Иван Бунин - Рощин Михаил Михайлович 35 стр.


Каждый день он бывал у Чехова. Или с утра до обеда, или с обеда до позднего вечера, а то и весь день Чехов шутливо-театрально прикладывал ладони к груди, с поклоном просил: "Не покидайте, Иван Алексеич, посидите, давайте еще о литературе поговорим…" - и смеялся глазами, насмешничал, словно снимая шуткой все то серьезное, о чем они еще час назад говорили. А говорили все время о важном, радостно обнаруживая опять друг в друге одинаковый взгляд на литературу, на писателей, на законы и задачи искусства, - эти разговоры действовали так возбуждающе, порождали такую уверенность, что потом он едва не бегом бежал в гостиницу, к столу, чтобы тут же сесть и работать. Но все написанное казалось пустым и скверным, странно-мелким, кукольным, и оказывается, надо было не писать, а думать. Думать, как писать. Как и что.

Чехов не работал тоже. Только раз или два он застал его в кабинете за его большим, очень аккуратным и чистым столом с моделью яхты и цейлонскими статуэтками: сняв пенсне, с лицом озабоченным и вдруг усталым, Чехов что-то писал в книжечку, и однажды показалось, что запись там шла столбиком, - может быть, это была запись расходов и приходов, долгов и прочего. Это могло быть: Чехов хоть и никогда не произносил ни одной жалобы или сетованья о деньгах, но часто говорил, что сколько стоит, знал цену пуда картошки, бутылки вина, номера в гостинице.

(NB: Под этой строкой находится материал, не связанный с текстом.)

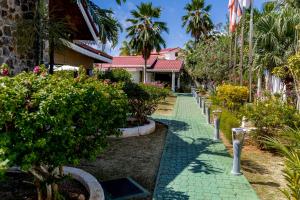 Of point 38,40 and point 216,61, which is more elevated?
point 216,61

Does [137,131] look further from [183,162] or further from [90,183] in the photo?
[90,183]

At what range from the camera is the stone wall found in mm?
7664

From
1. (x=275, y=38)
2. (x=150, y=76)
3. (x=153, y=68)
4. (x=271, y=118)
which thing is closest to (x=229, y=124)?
(x=271, y=118)

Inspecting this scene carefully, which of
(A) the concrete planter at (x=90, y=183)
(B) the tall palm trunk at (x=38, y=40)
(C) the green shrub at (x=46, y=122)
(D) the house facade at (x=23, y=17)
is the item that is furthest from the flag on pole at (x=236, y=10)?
(C) the green shrub at (x=46, y=122)

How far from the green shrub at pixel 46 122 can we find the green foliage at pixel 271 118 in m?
6.22

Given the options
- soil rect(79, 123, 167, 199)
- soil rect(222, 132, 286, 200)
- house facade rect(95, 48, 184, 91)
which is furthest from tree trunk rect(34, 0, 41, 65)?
house facade rect(95, 48, 184, 91)

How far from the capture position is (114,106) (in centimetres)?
525

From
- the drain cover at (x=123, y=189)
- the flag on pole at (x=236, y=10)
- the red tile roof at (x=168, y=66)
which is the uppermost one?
the flag on pole at (x=236, y=10)

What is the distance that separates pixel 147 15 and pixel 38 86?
32.1 meters

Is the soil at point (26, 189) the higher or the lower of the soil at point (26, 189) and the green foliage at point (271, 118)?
the lower

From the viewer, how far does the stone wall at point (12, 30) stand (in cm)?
766

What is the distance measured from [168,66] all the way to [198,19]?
8105 millimetres

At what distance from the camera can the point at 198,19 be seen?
45.0 m

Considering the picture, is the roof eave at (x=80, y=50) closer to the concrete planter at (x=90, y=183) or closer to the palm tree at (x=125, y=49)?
the concrete planter at (x=90, y=183) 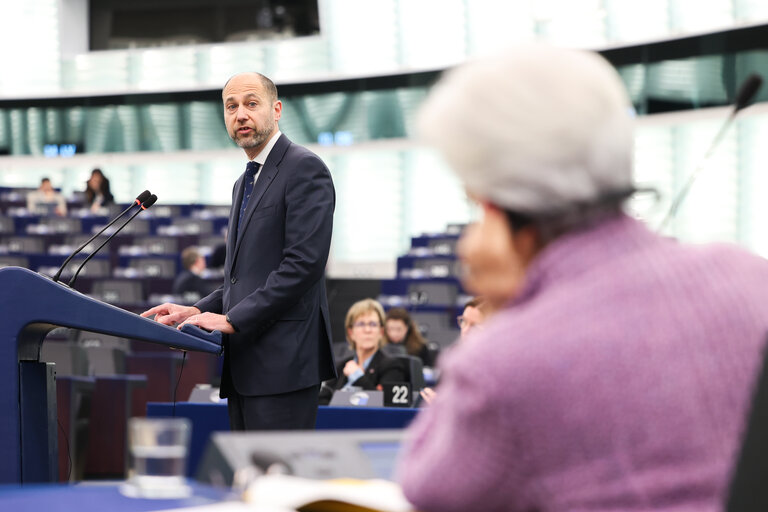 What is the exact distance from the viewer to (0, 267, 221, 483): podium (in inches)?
82.4

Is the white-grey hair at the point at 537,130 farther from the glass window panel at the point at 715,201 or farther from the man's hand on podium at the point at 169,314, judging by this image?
the glass window panel at the point at 715,201

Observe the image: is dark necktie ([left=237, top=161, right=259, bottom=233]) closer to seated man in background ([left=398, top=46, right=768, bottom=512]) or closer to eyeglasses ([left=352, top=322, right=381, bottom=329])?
seated man in background ([left=398, top=46, right=768, bottom=512])

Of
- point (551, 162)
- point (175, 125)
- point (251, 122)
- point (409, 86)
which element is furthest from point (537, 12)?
point (551, 162)

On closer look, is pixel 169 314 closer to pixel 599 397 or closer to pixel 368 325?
pixel 599 397

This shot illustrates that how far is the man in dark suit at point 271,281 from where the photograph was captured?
2.54 meters

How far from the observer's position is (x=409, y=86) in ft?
48.7

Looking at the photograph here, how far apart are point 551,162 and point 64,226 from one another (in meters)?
12.1

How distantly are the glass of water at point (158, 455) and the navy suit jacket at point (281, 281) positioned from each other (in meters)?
1.14

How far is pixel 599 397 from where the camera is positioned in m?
0.86

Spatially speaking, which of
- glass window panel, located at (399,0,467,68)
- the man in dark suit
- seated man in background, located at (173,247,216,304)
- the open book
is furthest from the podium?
glass window panel, located at (399,0,467,68)

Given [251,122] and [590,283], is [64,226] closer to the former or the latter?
[251,122]

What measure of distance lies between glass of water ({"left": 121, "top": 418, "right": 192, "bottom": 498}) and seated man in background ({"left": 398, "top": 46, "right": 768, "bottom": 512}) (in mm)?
480

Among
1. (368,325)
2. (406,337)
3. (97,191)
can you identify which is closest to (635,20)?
(97,191)

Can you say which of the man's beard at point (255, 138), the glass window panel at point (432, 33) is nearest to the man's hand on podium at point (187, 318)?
the man's beard at point (255, 138) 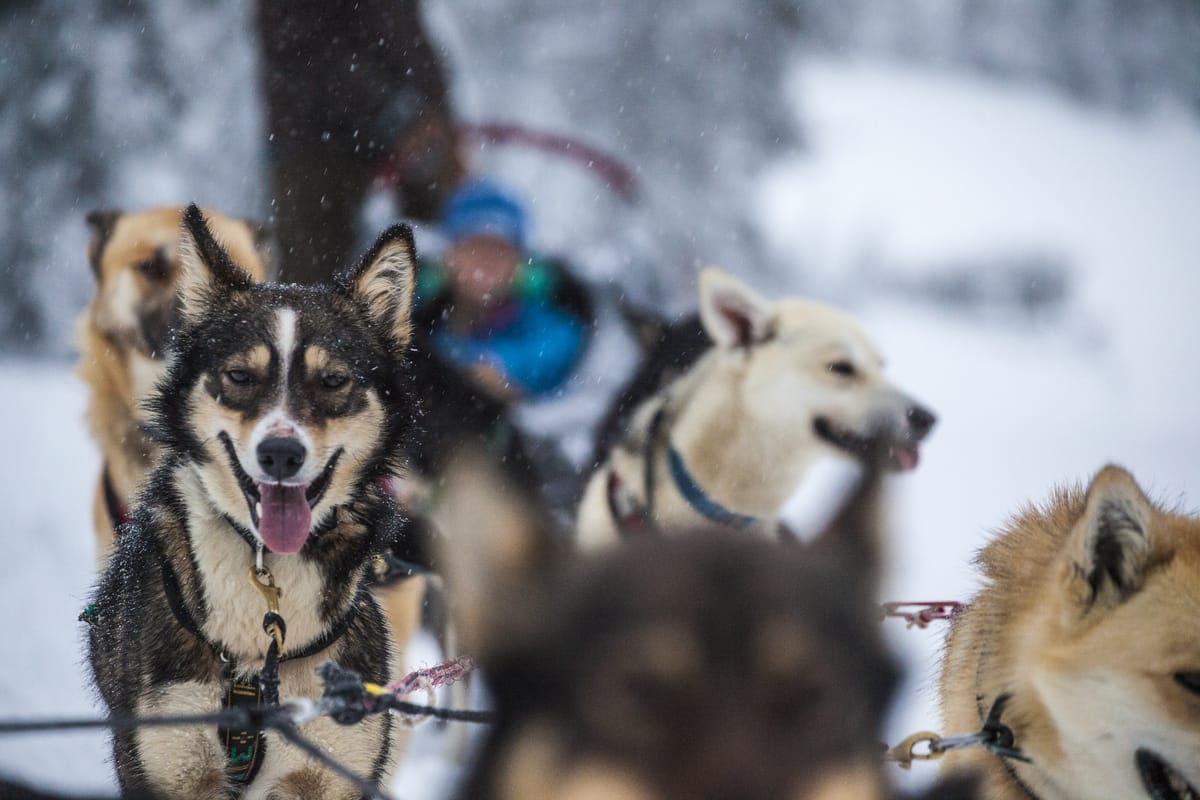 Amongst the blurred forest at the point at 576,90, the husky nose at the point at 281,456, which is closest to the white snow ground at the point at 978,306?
the blurred forest at the point at 576,90

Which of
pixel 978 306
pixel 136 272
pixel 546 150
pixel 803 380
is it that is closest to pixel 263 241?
pixel 136 272

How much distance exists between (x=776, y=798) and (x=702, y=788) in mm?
65

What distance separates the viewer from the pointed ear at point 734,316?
4.22 metres

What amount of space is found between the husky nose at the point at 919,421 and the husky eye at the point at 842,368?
0.88ft

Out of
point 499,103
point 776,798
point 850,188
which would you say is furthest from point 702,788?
point 850,188

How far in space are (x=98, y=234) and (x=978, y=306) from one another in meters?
11.1

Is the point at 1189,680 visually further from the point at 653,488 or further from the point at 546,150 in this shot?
the point at 546,150

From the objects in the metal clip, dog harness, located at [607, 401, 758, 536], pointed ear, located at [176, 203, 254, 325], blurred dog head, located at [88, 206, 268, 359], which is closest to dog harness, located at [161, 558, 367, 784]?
the metal clip

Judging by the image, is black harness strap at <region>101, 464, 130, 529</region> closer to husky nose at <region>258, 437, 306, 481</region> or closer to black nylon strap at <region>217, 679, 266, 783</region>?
black nylon strap at <region>217, 679, 266, 783</region>

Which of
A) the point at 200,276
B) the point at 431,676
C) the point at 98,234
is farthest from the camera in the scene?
the point at 98,234

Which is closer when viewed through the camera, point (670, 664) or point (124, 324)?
point (670, 664)

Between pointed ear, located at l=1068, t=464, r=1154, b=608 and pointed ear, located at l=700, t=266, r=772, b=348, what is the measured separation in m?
2.46

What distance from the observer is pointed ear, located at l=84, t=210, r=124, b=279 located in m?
3.60

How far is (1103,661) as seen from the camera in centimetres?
174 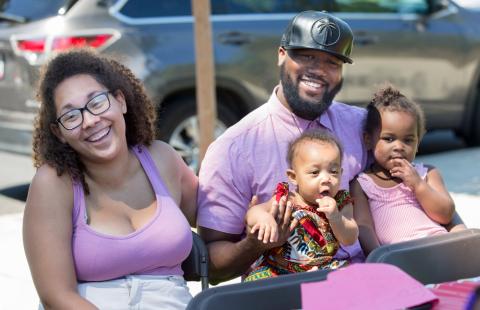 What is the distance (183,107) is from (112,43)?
0.80m

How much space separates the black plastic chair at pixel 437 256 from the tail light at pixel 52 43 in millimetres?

- Входите, входите! - он тут же вставал от стола, едва ли не с радостью оставляя свою запись, выражение его менялось. - Это я разбирал почту, все идут восторги о "Трех сестрах". (В конце января, еще до приезда Чехова, в Москве была премьера, и теперь действительно шел поток писем и телеграмм об удаче спектакля.) Вот вы молодец, не любите театра, не хотите пьесу писать, а я совсем развратился театром…

И они сразу же надолго заводили разговор о театре и прозе, о современной драматургии, о той или иной книге.

Часто толчок такому разговору давали газеты - бывало так, что Бунин заставал Чехова за чтением газет, в кресле, у широкого итальянского окна, верхняя часть которого состояла из цветных стекол, - и тогда принимались читать вместе, передавая газеты друг другу, отыскивая в них статьи и рецензии об искусстве. О Чехове писали много, но большею частью неверно и глупо, его это смешило или раздражало. "Опять пишут, что я нытик, ну что ты с ними будешь делать!"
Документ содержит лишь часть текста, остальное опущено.